Sexual Harrassment Victims
Shouldn't Have to Suffer in Silence
Claudia G. Chamberlain
onducting research that has practical meaning and can lead to social change is the ambition driving a new psychology professor, who specializes in the study of occupational health and stress.
"Social change happens at the level of the judiciary," says Vicki J. Magley, assistant professor of psychology. "Someday I'd like to take my research into the courts as an expert witness."
Magley's research focuses on sexual harassment, particularly the way targets of harassment cope with their experience.
"Sexual harassment in the workplace is much more common than people realize and most of the experiences are quite private," says Magley.
Data show that two-thirds of working women have experienced some unwanted sexual behavior, while 70 percent of men and women have experienced rude workplace incidents.
The paper, titled "A Catch-22 At Work: Employee Experiences of Resistance and Retaliation," concludes that voicing mistreatment is the right of all employees and organizations should empower them to exercise this right without retribution.
"Rather than framing interpersonal mistreatment in organizations as a personal problem for individuals to resolve, we should hold organizations responsible for managing misbehavior within," the study concludes.
The "Catch-22" dilemma is that in speaking out about mistreatment, employees may trigger social isolation, professional devaluation and job loss, says Magley. In other words, people shouldn't have to suffer in silence.
"Alternatively, employees could endure the injustice in silence, but then their psychosomatic health may suffer."
The answer, says Magley, lies within the power of an organization.
"The leaders of organizations have the power to minimize these difficulties by fostering respectful and fair climates and enforcing protective policies," she says.

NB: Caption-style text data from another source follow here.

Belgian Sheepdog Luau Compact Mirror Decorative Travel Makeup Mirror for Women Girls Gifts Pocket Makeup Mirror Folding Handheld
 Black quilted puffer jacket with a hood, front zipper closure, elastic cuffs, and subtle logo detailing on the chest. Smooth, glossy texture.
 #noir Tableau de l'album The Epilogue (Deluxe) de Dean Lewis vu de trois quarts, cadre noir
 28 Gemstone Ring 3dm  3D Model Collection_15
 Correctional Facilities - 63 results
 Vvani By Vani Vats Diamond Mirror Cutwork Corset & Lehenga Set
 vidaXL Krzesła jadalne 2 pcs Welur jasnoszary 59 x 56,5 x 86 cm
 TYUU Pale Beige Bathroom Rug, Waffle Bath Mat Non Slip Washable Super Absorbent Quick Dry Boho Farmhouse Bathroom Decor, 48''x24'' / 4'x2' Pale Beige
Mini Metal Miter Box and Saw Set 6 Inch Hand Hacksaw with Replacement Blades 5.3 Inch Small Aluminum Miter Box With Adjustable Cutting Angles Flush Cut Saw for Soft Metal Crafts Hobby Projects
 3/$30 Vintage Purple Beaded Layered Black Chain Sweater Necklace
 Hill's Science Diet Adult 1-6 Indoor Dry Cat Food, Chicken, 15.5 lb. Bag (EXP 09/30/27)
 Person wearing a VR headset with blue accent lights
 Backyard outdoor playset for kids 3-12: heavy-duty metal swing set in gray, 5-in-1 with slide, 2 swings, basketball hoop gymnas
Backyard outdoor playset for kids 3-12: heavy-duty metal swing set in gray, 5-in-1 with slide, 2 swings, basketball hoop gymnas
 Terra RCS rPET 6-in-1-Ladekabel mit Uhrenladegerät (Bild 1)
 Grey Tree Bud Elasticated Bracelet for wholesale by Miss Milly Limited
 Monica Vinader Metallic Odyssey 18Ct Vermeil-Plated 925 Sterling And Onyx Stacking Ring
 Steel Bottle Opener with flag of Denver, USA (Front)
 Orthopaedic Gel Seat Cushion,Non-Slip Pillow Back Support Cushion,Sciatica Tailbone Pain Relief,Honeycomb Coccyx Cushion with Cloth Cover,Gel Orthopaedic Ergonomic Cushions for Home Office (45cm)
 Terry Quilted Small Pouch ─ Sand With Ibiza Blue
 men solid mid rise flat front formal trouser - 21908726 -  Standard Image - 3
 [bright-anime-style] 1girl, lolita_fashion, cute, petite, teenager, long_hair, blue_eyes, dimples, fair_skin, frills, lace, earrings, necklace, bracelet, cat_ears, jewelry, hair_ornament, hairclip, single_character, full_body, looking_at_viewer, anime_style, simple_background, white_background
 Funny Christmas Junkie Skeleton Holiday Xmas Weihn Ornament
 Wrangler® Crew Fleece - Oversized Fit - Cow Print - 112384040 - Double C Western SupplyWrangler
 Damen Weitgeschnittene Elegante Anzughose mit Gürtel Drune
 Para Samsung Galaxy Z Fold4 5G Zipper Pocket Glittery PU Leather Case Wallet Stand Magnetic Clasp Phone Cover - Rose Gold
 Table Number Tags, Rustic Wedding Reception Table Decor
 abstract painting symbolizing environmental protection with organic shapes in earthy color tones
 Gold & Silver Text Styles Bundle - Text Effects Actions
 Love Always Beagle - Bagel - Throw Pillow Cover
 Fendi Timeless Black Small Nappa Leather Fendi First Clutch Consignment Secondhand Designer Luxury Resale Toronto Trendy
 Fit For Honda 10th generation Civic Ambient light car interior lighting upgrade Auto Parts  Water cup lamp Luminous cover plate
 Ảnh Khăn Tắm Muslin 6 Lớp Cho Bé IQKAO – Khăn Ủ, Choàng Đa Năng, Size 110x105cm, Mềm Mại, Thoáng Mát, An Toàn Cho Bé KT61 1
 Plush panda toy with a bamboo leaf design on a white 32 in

"One of the interesting things that came out of my dissertation was that the coping mechanisms women used didn't seem to alter the outcome. "You'd like to think that if you asserted yourself, the harassment would stop and that you could move on, but that doesn't seem to be the case. Regardless of the coping, the experiences appear to impact people negatively. That's disturbing."
In general, her ongoing research has disclosed that victims of sexual harassment subsequently endure a series of negative events, such as health-related complaints, increased levels of anxiety, decreased satisfaction with life in general, and a desire to quit their jobs.
"One of the specific areas of research I'm especially proud of looks at how women label their experiences," says Magley.
The co-authored study, "Outcomes of Self-Labeling Sexual Harassment," was published in 1999 in the Journal of Applied Psychology.
"We proposed in the study that the issue of why it is that women who report such experiences generally do not indicate that they've been sexually harassed is an important psychological question, and may provide a path through the nested meanings of workplace harassment," says Magley.
The research involved data from female employees in three diverse organizations and demonstrated that women exposed to such behaviors report similar consequences, whether or not they've labeled their experiences as harassment.
"This pattern of results appears to debunk the 'whiner hypothesis' - that what is discussed as sexual harassment represents women whining about everyday events of little consequence," says Magley.
During the fall semester, Magley taught a graduate level course on methodology in sexual harassment research; this semester she will teach introductory psychology to under-graduates.
Her interest in psychology was sparked in high school, and she went to college thinking of pursuing either psychology or engineering. That led her into industrial engineering, and then to industrial psychology, looking at workplace processes in different ways. She says she enjoys the scientific approach of psychology and its strong quantitative component.
Prior to UConn, Magley was an assistant professor of psychology at DePaul University. She earned a Ph.D. in social and organizational psychology and a master's degree in social psychology from the University of Illinois, and a B.A. in psychology from Purdue University.
She has served as a social science consultant to municipalities, financial organizations, universities, and the U.S. Eighth Circuit Federal Court, where she conducted studies of the impact of gender on the federal judicial system.
Magley has authored or co-authored 16 journal articles and book chapters, has two manuscripts under review, and 14 manuscripts in preparation. She's presented some 50 papers at national meetings such as the Society for Industrial and Organizational Psychology, the American
Psychological Society, and the International Coalition Against Sexual Harassment.
Since 1991, when she won the Senior in Psychology Student Award, Magley has been the recipient of more than a dozen professional awards and grants.
Charles "Skip" Lowe, professor and head of the psychology department, says Magley is a top-notch researcher and teacher.
"Her research into workplace issues is absolutely outstanding, because it combines good science with good applications," he says.
This semester, Lowe and Magley will jointly teach an introductory psychology course.
Says Lowe, "I put our very best teachers into the introductory class, because if students are only going to take one or two psychology courses, I want them to hear from the best."